SOUTHCOM doesn’t enjoy a lot of naval resources. We don’t have a lot of Navy assets to make port visits and show the flag. So that job falls to me much of the time.
The third priority is to support regional security and stability and strengthening partnerships. When I present myself downrange to meet the senior leadership of our partner navies, I am there to present myself and my credentials to win their trust and respect, and to be sure they understand that the United States and the U.S. Navy desires to be, and is committed to be, a partner of choice. So that’s my third priority, is to strengthen relationships downrange. My wife is able to join me sometimes. In the Latin American culture, family is a big deal. When we sit and talk about our families and get to know one another personally, it’s a way to gradually build that trust. SOUTHCOM doesn’t enjoy a lot of naval resources. We don’t have a lot of Navy assets to make port visits and show the flag. So that job falls to me much of the time. Fortunately, Latin America currently is enjoying its most peaceful time in modern history, and that’s a good thing. Many of these countries have had wars and insurrections. But for the most part they are peacefully coexisting right now. They’re all very focused on their own internal problems. They have gang warfare and internal strife. I would suggest to you a big threat in Latin America is internal corruption, which can complicate any assistance we try to provide them. It’s discouraging, but it takes a constant effort from us to continue to help them get over that. But right now, I LOVE looking at that map and thinking about those countries, and who I’ve met, and realize that they’re enjoying relative peace. We’re not spilling blood in the SOUTHCOM AOR from external threats. They need to solve it for themselves in a lot of cases.

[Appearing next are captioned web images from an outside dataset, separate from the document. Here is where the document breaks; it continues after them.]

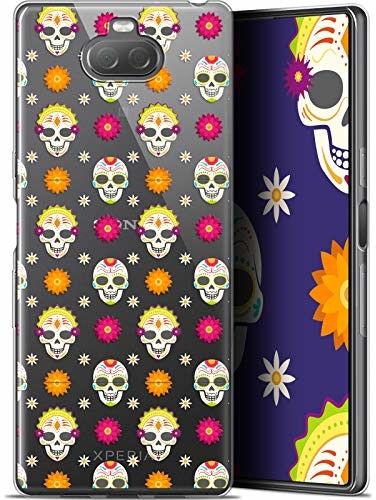 Sony Caseink Etui ochronne do Xperia 10 Plus, 6,5 cala, ultracienkie, Halloween czaszka CRYSPRNTHALOXP10PLUSSKULL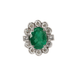 Ring Daisy ring white gold emerald 3.40ct and diamonds 58 Facettes F4872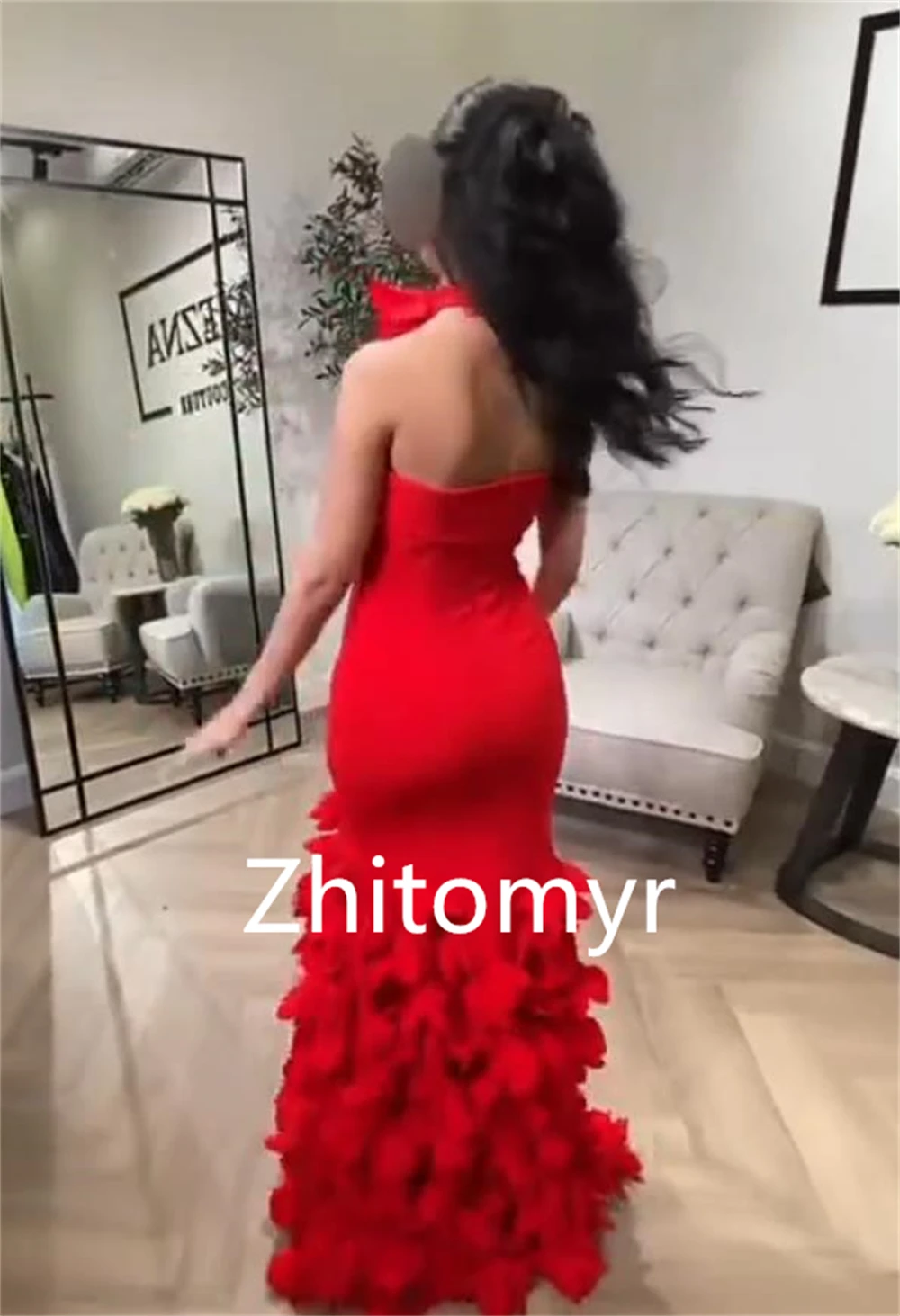 Sexy High Quality Strapless Mermaid Cocktail Dresses Hugging Flower Skirts Sweep/Brush Satin Prom Dresses robes de soirée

So those are my three priorities: taking down the threat networks; providing humanitarian assistance and disaster relief response when needed; and strengthening partnerships down south. That’s my role as Commander of Naval Forces Southern Command in the Fourth Fleet.
Lundquist: Do you keep one eye on Venezuela?
Buck: Absolutely. If we have nefarious activity that’s breaking down the governmental institutions in a country, or a natural disaster, these can create a mass migration problem. A big part of our focus is responding to a mass migration. It could come from a Caribbean nation, or instability in Venezuela could start a mass migration to its border with Colombia, which is just coming out of a 52-year long civil war. We want Colombia’s nascent peace process to succeed – and if they were suddenly crushed with tens of thousands of fleeing Venezuelans, that’s not good. We definitely have our eye on the ball in Venezuela.
Lundquist: What are some of your operational assets to address those challenges?
Buck: I don’t have too many assigned or allocated forces as the Fourth Fleet commander. I have two direct reports. I have the commander of Destroyer Squadron 40, which has the command and control authority, but without permanently assigned ships. They use resources that are temporarily assigned to execute some of our mission sets. I also have assigned to me Cooperative Security Location Comalapa in the country of El Salvador. The CSL operates from a Salvadoran airbase where we have operated with P-3 Orion maritime patrol aircraft, and we are transitioning to the P-8 Poseidon MPA. That’s how I support JIATF South’s detection and monitoring mission counter-narcotics work from the air. So those are my two direct reports as the Fourth Fleet Commander: a destroyer squadron and a Cooperative Security Location with MPA. I then enjoy taking operational control of naval assets – ships, aircraft, submarines, and expeditionary forces such as Seabees or medical teams that operate in the AOR, and I have OPCON of them while they’re here. Some of those deployments are sporadic, and some have a more constant presence downrange.
Lundquist: What is your area of responsibility?
Buck: The Caribbean, Central America, short of Mexico, and Latin South and south to the Antarctic. Northern Command is responsible for Mexico, and Adm. Phil Davidson, who is Fleet Forces Command, is the naval component commander for NORTHCOM.
Lundquist: But you exercise with the Mexican Navy.
Buck: We just concluded Panamax, an annual exercise in which we practice the defense and protection of the Panama Canal. The Mexican Navy was here. And they participate in UNITAS – they brought a warship. Mexico is always invited to be a part of what we do in the SOUTHCOM AOR, as well as to the north. They took part in Dawn Blitz, a big amphibious exercise conducted by Third Fleet. They also patrol in the Caribbean with us. But the direct relationship with Mexico falls under Admiral Davidson.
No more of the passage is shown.